The majority of SDD Enterobacteriaceae (50, 80%) were treated as infections. Infectious disease consultation was obtained for more than half (37, 60%) of the cases. Definitive therapy with cefepime was prescribed in 3 cases (6%). Most of the patients were prescribed a carbapenem, i.e., ertapenem (14, 28%), meropenem (6, 12%), or imipenem (2, 4%). Eleven patients received a fluoroquinolone, either ciprofloxacin (8, 16%) or levofloxacin (3, 6%). Amoxicillin-clavulanate was given to 3 patients and fosfomycin to 2 patients. Concomitant antimicrobials were used for a separate infectious indication in 14 cases.

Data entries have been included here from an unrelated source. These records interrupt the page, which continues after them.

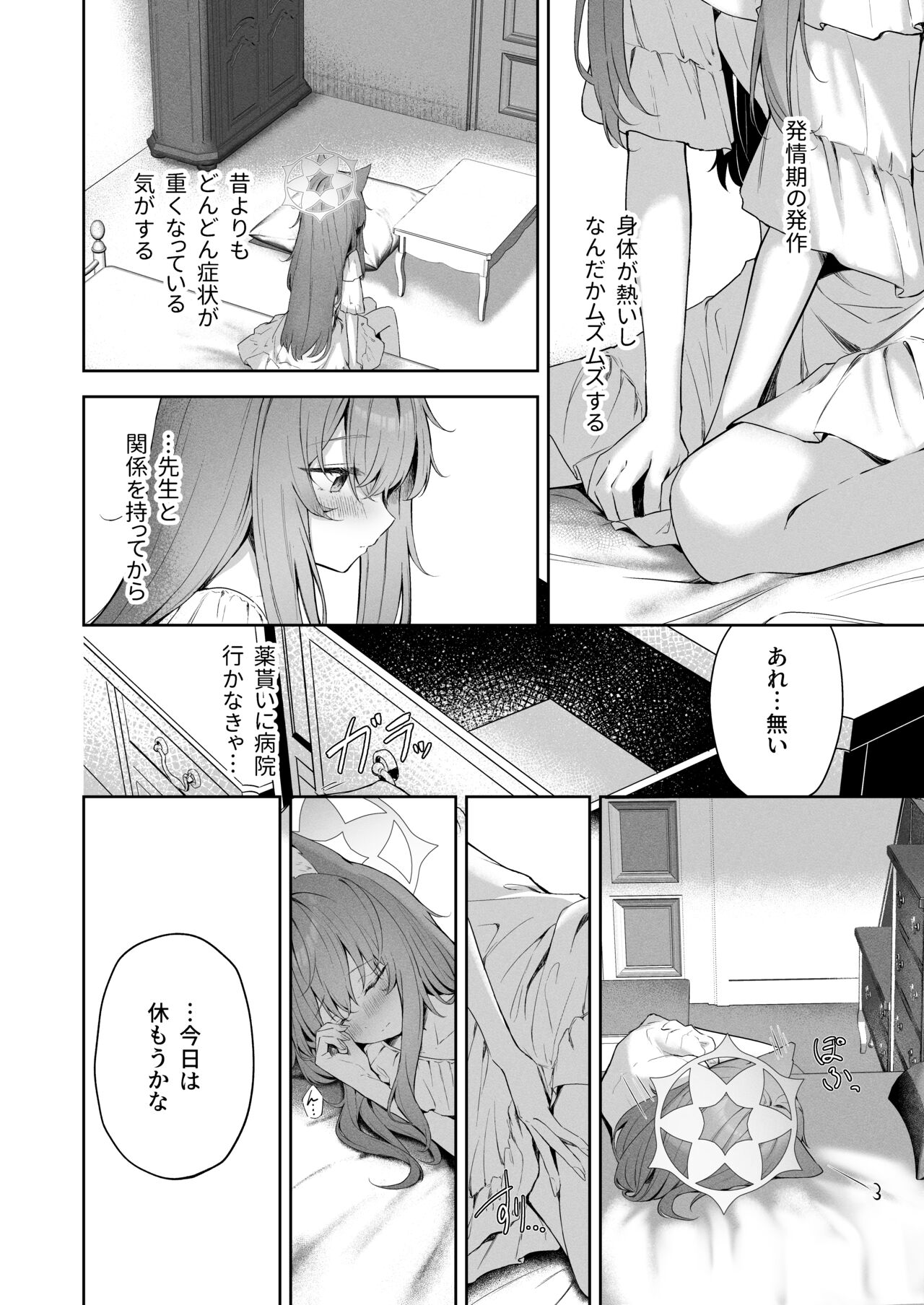 Melty Sugar Drop page 5 full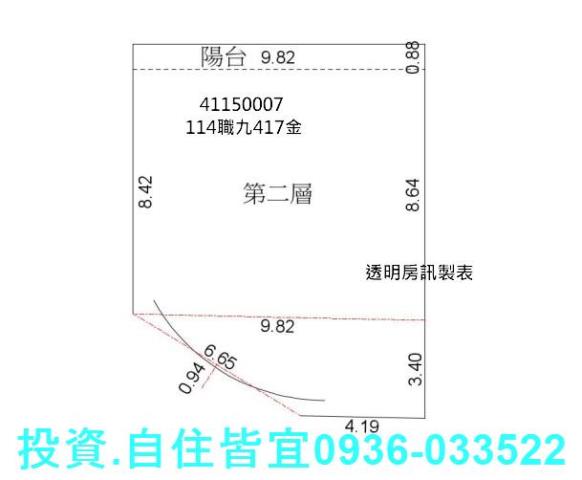 中和法拍公寓-8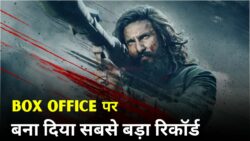 धुरंधर 2 Box Office Collection ने मचाया तूफान, रातों-रात टूट गए बड़े सुपरस्टार्स के रिकॉर्ड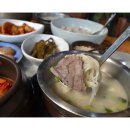 찐곰탕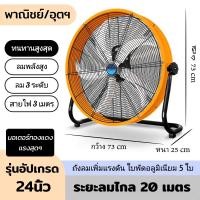 ราคา พัดลมอุตสาหกรรม 16/20/24 นิ้ว พัดลมทรงถัง ตั้งพื้น ลมแรง รุ่นใหญ่ โรงงาน/โกดัง (25444548528)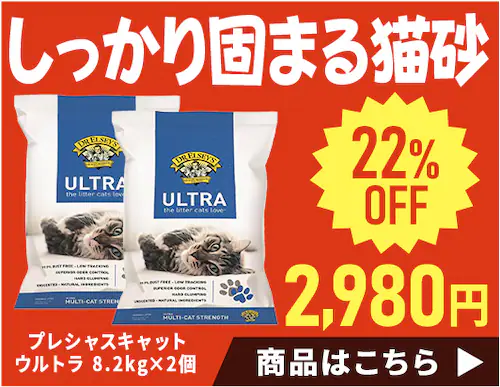 vVXLbgEg2 23%OFF2,980~
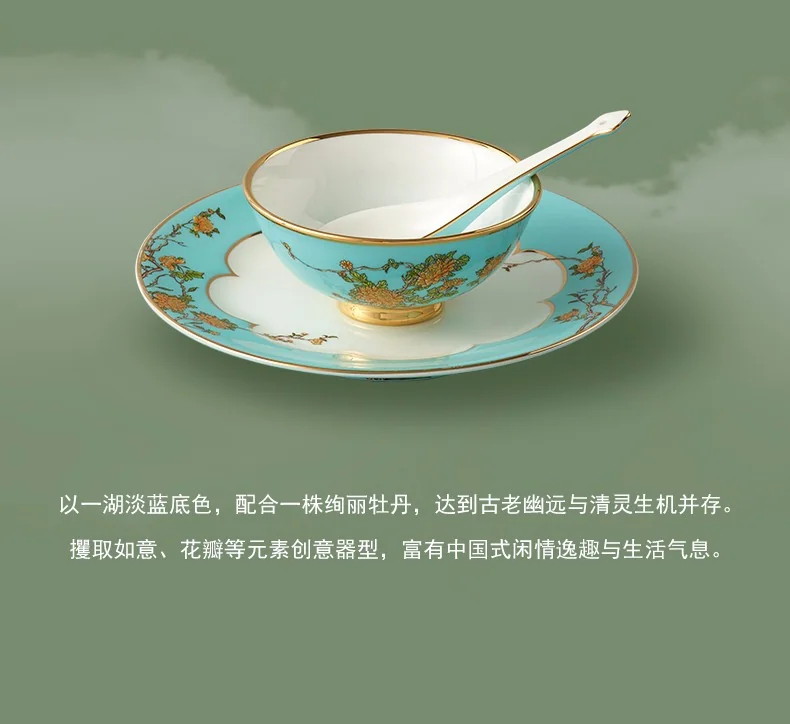 Auratic, Mrs. Porcelain·West Lake Blue, tableware Set, 6 pieces detail image 10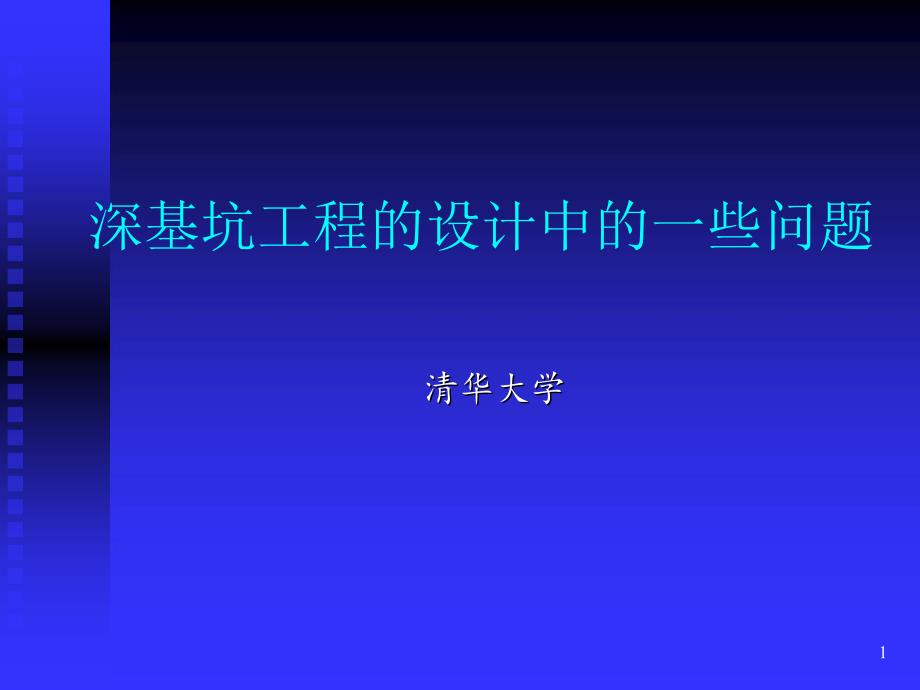 李广信：深基坑工程设计中的一些问题_第1页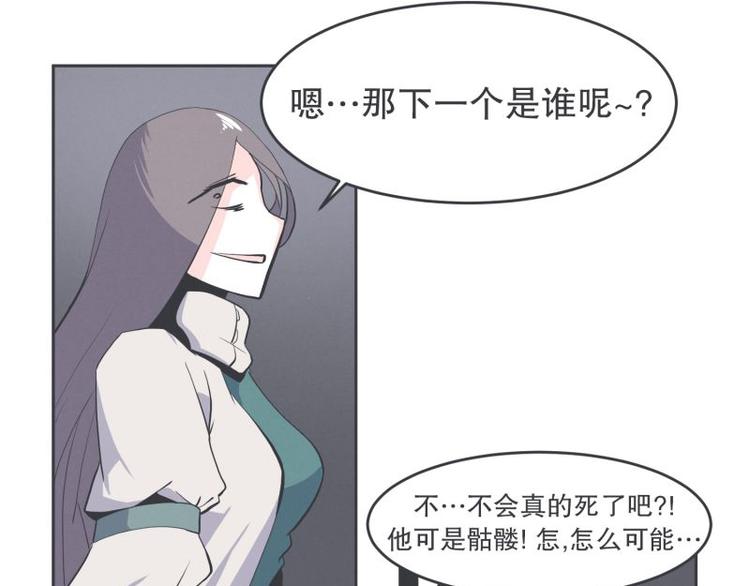 《就这样成为魔王了？！》第33话 协议又能怎样 第38页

Reported resistance to third-generation cephalosporin may have been an influence in the predominant selection of carbapenems.

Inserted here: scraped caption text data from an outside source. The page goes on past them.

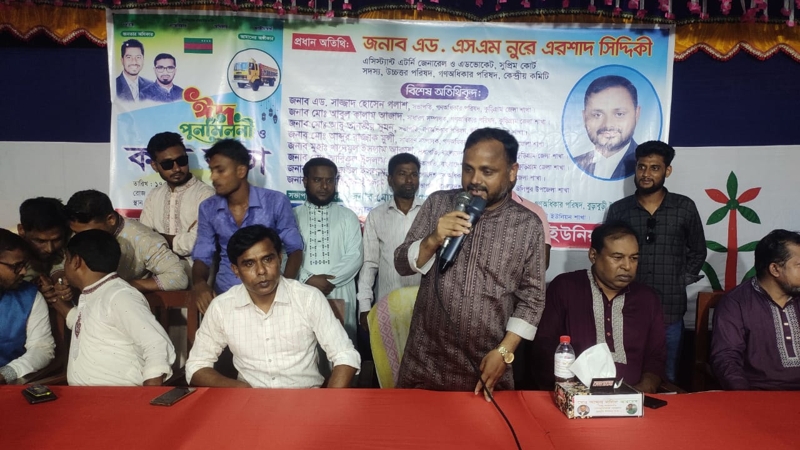 কুড়িগ্রামে গণঅধিকার পরিষদের কর্মী সভা অনুষ্ঠিত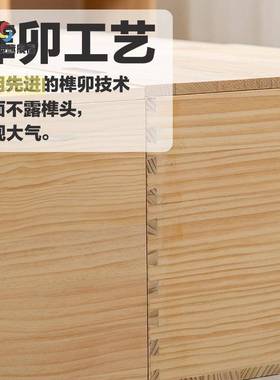 木箱储物箱收纳箱可坐凳多功能实木箱子拼床榻榻米盒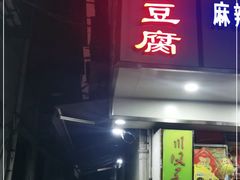 门面-五娭毑臭豆腐(黄兴南路店)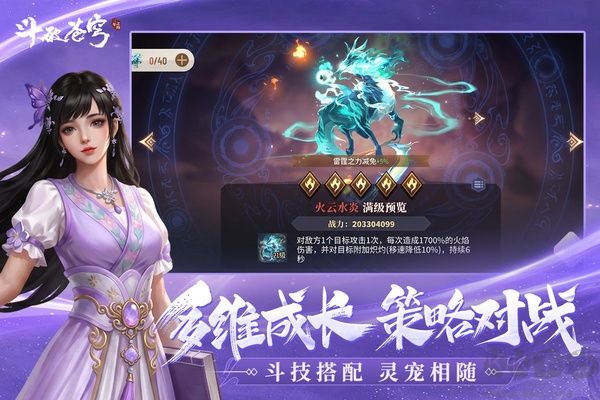 斗破苍穹三年之约九游版 v1.0.0.11安卓版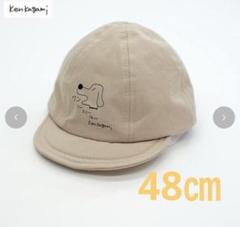ケンカガミ kenkagami ベビー帽子（48cm）カガミケン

The three cases receiving cefepime were all under infectious disease physician supervision. A neutropenic patient with normal renal function was treated with cefepime 2 g every 12 h in the setting of E. cloacae complex urine culture positivity (cefepime MIC, 4 μg/ml). A liver transplant candidate undergoing intermittent hemodialysis was transitioned from meropenem to cefepime 0.5 g daily for E. coli (cefepime MIC, 4 μg/ml) peritonitis. The cefepime dose was increased to 1 g daily when cefepime susceptibilities were reported, and this was continued to complete a 2-week course of therapy posttransplant. In the third case, a patient with a complex medical history, including spinal cord injury, renal transplant, and recurrent urinary tract infections, was treated with 2 g of cefepime every 24 h for E. coli (cefepime MIC, 8 μg/ml) urinary tract infection. His creatinine clearance was estimated to be 20 to 25 ml/min. Repeat culture showed persistence of E. coli with an increased cefepime MIC of ≥16 μg/ml; treatment was changed to ertapenem. Cefepime treatment of an SDD isolate was considered successful in the first two cases, and the third case was considered a failure.

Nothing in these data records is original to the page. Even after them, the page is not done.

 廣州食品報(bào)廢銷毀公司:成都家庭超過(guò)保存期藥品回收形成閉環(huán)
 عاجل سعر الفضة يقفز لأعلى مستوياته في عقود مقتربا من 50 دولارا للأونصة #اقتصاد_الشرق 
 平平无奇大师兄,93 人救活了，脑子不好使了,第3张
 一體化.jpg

In this small study, the overall incidence of SDD was low (1.6%) and represented a small percentage of the total isolates for each species. E. coli and K. pneumoniae were the most common cefepime SDD organisms. Carbapenems were used as definitive therapy in the majority of infections caused by SDD Enterobacteriaceae, while cefepime use was low. This study reports findings similar to those by Hamada et al. (5), where 1% of Enterobacteriaceae isolates fell into the SDD range. Cefepime dosing was in alignment with CLSI guidelines intended for SDD isolates in the few cases in which it was utilized. Enterobacter and Citrobacter were the most common SDD species in the study by Hamada et al. (5), suggesting a possible local influence. Given the limitations of local prescribing habits and resistance patterns, exploration across other centers may yield further insight into how providers are selecting and dosing antimicrobials for organisms in the reported SDD category.

ACKNOWLEDGMENT

We thank Nicolynn Cole for her assistance in generating the Enterobacteriaceae reports.